THE TASK – Where a line has odd spacing or punctuation, keep it; transcribe all the entries exactly.

(Dataset records)
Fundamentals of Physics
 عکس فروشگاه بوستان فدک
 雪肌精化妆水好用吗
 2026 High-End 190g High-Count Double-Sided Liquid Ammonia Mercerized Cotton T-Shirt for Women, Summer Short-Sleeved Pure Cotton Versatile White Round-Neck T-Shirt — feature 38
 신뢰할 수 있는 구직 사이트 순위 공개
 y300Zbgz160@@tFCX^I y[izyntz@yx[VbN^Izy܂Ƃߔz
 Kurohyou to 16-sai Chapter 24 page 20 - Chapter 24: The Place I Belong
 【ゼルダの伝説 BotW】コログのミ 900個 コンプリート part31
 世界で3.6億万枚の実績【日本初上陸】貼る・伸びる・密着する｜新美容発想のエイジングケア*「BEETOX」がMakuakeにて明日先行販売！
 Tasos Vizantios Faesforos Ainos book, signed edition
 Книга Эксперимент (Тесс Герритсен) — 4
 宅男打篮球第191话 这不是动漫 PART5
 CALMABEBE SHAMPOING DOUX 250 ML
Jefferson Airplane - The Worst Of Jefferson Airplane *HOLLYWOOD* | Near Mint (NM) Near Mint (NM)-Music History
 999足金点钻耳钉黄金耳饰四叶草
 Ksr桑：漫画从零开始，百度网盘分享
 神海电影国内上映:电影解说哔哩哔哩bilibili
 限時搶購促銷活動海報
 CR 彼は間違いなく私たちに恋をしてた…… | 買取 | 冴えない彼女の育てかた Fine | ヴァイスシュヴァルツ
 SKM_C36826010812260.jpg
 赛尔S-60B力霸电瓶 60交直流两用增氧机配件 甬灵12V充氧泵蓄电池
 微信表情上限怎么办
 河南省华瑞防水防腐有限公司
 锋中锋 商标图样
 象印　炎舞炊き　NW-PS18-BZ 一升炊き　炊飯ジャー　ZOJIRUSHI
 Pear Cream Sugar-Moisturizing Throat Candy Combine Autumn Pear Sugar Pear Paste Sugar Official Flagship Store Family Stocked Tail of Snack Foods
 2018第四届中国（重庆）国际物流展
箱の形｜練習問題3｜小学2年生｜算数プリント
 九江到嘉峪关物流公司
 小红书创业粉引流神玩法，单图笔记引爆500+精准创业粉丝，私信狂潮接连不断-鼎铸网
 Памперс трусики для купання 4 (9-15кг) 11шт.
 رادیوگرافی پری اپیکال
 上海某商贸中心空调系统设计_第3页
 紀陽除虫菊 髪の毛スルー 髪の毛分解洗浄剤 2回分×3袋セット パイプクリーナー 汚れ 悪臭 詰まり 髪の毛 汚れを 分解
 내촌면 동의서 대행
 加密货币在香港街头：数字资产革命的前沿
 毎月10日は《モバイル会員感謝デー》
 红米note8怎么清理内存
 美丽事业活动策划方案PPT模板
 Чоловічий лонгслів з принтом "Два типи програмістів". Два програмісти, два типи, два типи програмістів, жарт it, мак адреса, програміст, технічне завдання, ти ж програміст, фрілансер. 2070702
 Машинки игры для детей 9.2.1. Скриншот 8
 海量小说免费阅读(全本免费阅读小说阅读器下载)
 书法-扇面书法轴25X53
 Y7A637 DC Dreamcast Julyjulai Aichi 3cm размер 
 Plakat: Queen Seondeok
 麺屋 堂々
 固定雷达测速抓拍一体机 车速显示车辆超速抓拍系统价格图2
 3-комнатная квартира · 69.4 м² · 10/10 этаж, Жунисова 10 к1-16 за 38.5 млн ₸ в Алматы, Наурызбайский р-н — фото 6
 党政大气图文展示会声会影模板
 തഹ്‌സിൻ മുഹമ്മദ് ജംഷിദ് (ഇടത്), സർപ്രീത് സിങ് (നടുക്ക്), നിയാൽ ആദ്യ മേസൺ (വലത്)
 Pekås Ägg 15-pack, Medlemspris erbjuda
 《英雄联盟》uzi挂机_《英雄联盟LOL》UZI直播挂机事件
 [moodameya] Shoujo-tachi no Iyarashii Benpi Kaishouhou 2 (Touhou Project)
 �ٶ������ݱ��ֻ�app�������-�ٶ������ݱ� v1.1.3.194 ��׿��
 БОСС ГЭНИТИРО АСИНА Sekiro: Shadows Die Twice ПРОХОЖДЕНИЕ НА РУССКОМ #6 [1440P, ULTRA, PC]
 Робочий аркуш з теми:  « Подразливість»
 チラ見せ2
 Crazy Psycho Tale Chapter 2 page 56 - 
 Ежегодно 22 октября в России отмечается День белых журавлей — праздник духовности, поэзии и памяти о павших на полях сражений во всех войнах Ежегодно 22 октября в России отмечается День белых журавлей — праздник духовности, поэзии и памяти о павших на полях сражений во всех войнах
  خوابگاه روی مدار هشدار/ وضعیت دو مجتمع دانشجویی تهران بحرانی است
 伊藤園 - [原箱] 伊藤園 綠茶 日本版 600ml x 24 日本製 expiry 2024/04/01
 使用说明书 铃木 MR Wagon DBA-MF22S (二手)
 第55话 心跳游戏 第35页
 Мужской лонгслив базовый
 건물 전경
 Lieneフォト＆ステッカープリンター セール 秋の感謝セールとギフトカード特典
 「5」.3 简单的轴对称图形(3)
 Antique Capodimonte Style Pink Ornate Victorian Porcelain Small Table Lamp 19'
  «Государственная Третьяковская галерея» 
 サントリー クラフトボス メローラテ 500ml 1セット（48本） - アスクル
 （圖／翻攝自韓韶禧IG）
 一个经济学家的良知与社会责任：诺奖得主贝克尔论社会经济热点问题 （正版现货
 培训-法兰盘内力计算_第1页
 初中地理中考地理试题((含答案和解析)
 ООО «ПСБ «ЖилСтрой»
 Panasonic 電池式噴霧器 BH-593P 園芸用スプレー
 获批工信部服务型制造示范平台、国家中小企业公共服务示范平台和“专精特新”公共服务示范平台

REPLY TO THE TASK –
Fundamentals of Physics
 عکس فروشگاه بوستان فدک
 雪肌精化妆水好用吗
 2026 High-End 190g High-Count Double-Sided Liquid Ammonia Mercerized Cotton T-Shirt for Women, Summer Short-Sleeved Pure Cotton Versatile White Round-Neck T-Shirt — feature 38
 신뢰할 수 있는 구직 사이트 순위 공개
 y300Zbgz160@@tFCX^I y[izyntz@yx[VbN^Izy܂Ƃߔz
 Kurohyou to 16-sai Chapter 24 page 20 - Chapter 24: The Place I Belong
 【ゼルダの伝説 BotW】コログのミ 900個 コンプリート part31
 世界で3.6億万枚の実績【日本初上陸】貼る・伸びる・密着する｜新美容発想のエイジングケア*「BEETOX」がMakuakeにて明日先行販売！
 Tasos Vizantios Faesforos Ainos book, signed edition
 Книга Эксперимент (Тесс Герритсен) — 4
 宅男打篮球第191话 这不是动漫 PART5
 CALMABEBE SHAMPOING DOUX 250 ML
Jefferson Airplane - The Worst Of Jefferson Airplane *HOLLYWOOD* | Near Mint (NM) Near Mint (NM)-Music History
 999足金点钻耳钉黄金耳饰四叶草
 Ksr桑：漫画从零开始，百度网盘分享
 神海电影国内上映:电影解说哔哩哔哩bilibili
 限時搶購促銷活動海報
 CR 彼は間違いなく私たちに恋をしてた…… | 買取 | 冴えない彼女の育てかた Fine | ヴァイスシュヴァルツ
 SKM_C36826010812260.jpg
 赛尔S-60B力霸电瓶 60交直流两用增氧机配件 甬灵12V充氧泵蓄电池
 微信表情上限怎么办
 河南省华瑞防水防腐有限公司
 锋中锋 商标图样
 象印　炎舞炊き　NW-PS18-BZ 一升炊き　炊飯ジャー　ZOJIRUSHI
 Pear Cream Sugar-Moisturizing Throat Candy Combine Autumn Pear Sugar Pear Paste Sugar Official Flagship Store Family Stocked Tail of Snack Foods
 2018第四届中国（重庆）国际物流展
箱の形｜練習問題3｜小学2年生｜算数プリント
 九江到嘉峪关物流公司
 小红书创业粉引流神玩法，单图笔记引爆500+精准创业粉丝，私信狂潮接连不断-鼎铸网
 Памперс трусики для купання 4 (9-15кг) 11шт.
 رادیوگرافی پری اپیکال
 上海某商贸中心空调系统设计_第3页
 紀陽除虫菊 髪の毛スルー 髪の毛分解洗浄剤 2回分×3袋セット パイプクリーナー 汚れ 悪臭 詰まり 髪の毛 汚れを 分解
 내촌면 동의서 대행
 加密货币在香港街头：数字资产革命的前沿
 毎月10日は《モバイル会員感謝デー》
 红米note8怎么清理内存
 美丽事业活动策划方案PPT模板
 Чоловічий лонгслів з принтом "Два типи програмістів". Два програмісти, два типи, два типи програмістів, жарт it, мак адреса, програміст, технічне завдання, ти ж програміст, фрілансер. 2070702
 Машинки игры для детей 9.2.1. Скриншот 8
 海量小说免费阅读(全本免费阅读小说阅读器下载)
 书法-扇面书法轴25X53
 Y7A637 DC Dreamcast Julyjulai Aichi 3cm размер 
 Plakat: Queen Seondeok
 麺屋 堂々
 固定雷达测速抓拍一体机 车速显示车辆超速抓拍系统价格图2
 3-комнатная квартира · 69.4 м² · 10/10 этаж, Жунисова 10 к1-16 за 38.5 млн ₸ в Алматы, Наурызбайский р-н — фото 6
 党政大气图文展示会声会影模板
 തഹ്‌സിൻ മുഹമ്മദ് ജംഷിദ് (ഇടത്), സർപ്രീത് സിങ് (നടുക്ക്), നിയാൽ ആദ്യ മേസൺ (വലത്)
 Pekås Ägg 15-pack, Medlemspris erbjuda
 《英雄联盟》uzi挂机_《英雄联盟LOL》UZI直播挂机事件
 [moodameya] Shoujo-tachi no Iyarashii Benpi Kaishouhou 2 (Touhou Project)
 �ٶ������ݱ��ֻ�app�������-�ٶ������ݱ� v1.1.3.194 ��׿��
 БОСС ГЭНИТИРО АСИНА Sekiro: Shadows Die Twice ПРОХОЖДЕНИЕ НА РУССКОМ #6 [1440P, ULTRA, PC]
 Робочий аркуш з теми:  « Подразливість»
 チラ見せ2
 Crazy Psycho Tale Chapter 2 page 56 - 
 Ежегодно 22 октября в России отмечается День белых журавлей — праздник духовности, поэзии и памяти о павших на полях сражений во всех войнах Ежегодно 22 октября в России отмечается День белых журавлей — праздник духовности, поэзии и памяти о павших на полях сражений во всех войнах
  خوابگاه روی مدار هشدار/ وضعیت دو مجتمع دانشجویی تهران بحرانی است
 伊藤園 - [原箱] 伊藤園 綠茶 日本版 600ml x 24 日本製 expiry 2024/04/01
 使用说明书 铃木 MR Wagon DBA-MF22S (二手)
 第55话 心跳游戏 第35页
 Мужской лонгслив базовый
 건물 전경
 Lieneフォト＆ステッカープリンター セール 秋の感謝セールとギフトカード特典
 「5」.3 简单的轴对称图形(3)
 Antique Capodimonte Style Pink Ornate Victorian Porcelain Small Table Lamp 19'
  «Государственная Третьяковская галерея» 
 サントリー クラフトボス メローラテ 500ml 1セット（48本） - アスクル
 （圖／翻攝自韓韶禧IG）
 一个经济学家的良知与社会责任：诺奖得主贝克尔论社会经济热点问题 （正版现货
 培训-法兰盘内力计算_第1页
 初中地理中考地理试题((含答案和解析)
 ООО «ПСБ «ЖилСтрой»
 Panasonic 電池式噴霧器 BH-593P 園芸用スプレー
 获批工信部服务型制造示范平台、国家中小企业公共服务示范平台和“专精特新”公共服务示范平台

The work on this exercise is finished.